Within the space of a single generation Ireland has gone from a nation of independent homeowners, to renters and hangers-on living in the childhood bedroom of their parent’s abode. A confluence of factors brought us here, from the global economic downturn and nefarious banking practises, to lack of new properties and soaring prices in the rental and housing markets. For the millennials and baby-boomers that have found themselves elbowed off Ireland’s property ladder, it is of cold comfort to know that their shared ill fate is not through a fault of their own. Itching to vacate the family home, their dreams of freedom either had to be postponed, or the more favoured option, realised beyond Irish shores. Those that stayed behind were forced to stay with their parents or fork over half their salary on rent, a hefty price tag for the taste of independence.

Irish parents have graciously played a huge (and often overlooked) role shouldering the burden of the government’s ineptitude to curb errant landlords or increase the housing supply. As shown by the rise in homelessness those who have a place to stay are still the lucky ones, but living with your parents in your early to mid twenties is far from an ideal situation. To begin with there’s the unnatural pairing of a couple in their fifties co-habiting with housemates half their age. Familial ties aside, the lifestyle choices and unsociable hours of a person straight out of college is going to rub any parent the wrong way. Manoeuvring these obstacles demands compromise on both sides, but this compromise implies sacrifices that neither party should be forced to make. As you enter into the full bloom of adulthood it becomes increasingly important to have a physical space of your own; a space to organise as you please, for inviting lovers and friends, a space for experimenting, being completely yourself, and stepping out of your parents’ shadow.
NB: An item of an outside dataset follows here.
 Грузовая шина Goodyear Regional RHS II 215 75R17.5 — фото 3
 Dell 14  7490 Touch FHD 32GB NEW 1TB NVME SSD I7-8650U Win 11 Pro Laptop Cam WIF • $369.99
Child-parents relationships are perpetually reductive in the sense that we are always bound to our childhood and our role as children in the company of our parents. While they may shower us with endless love and hot meals, at some very basic level it is unhealthy to live with your parents past a certain age. Living under your parent’s roof means adhering to their rules (‘My roof, my rules’, is a refrain every child has had retorted to them at least once during a family argument), a completely fair expectation considering it is their home first and foremost. However these limitations inhibit us from forging our own path and closes us off from parts of ourselves. It is only when we leave the parental sphere that we gain the necessary space to stir up latent pools of our personality, revealing internal avenues unbeknownst even to ourselves.

While for some the noise made by millennials may seem like much ado about nothing, the dawning realisation that buying our own home or even renting an apartment would be immensely challenging registered itself as a deep loss for most of our generation. We watched with a mixture of bitterness and resentment as the carefree interlude of salaried jobs, minimum responsibilities and a home to call our own before the onslaught of mortgages and babies shrank into nothingness, meanwhile the return of our parents’ investments, the houses we occupied, multiplied in value under our very feet.

No one could have anticipated that the housing crisis would get as out of hand as it did, nor the pain it would inflict on our small island. Admittedly there is a distinctly bourgeois tone to this article considering the 9,968 people who are homeless, 3,811 of whom are children according to the latest figures by Focus Ireland. Still there is a growing discontentment amongst the Irish youths, who are voting with their feet and streaming out of the country in their hoards. Making Ireland feel like home is harder than ever.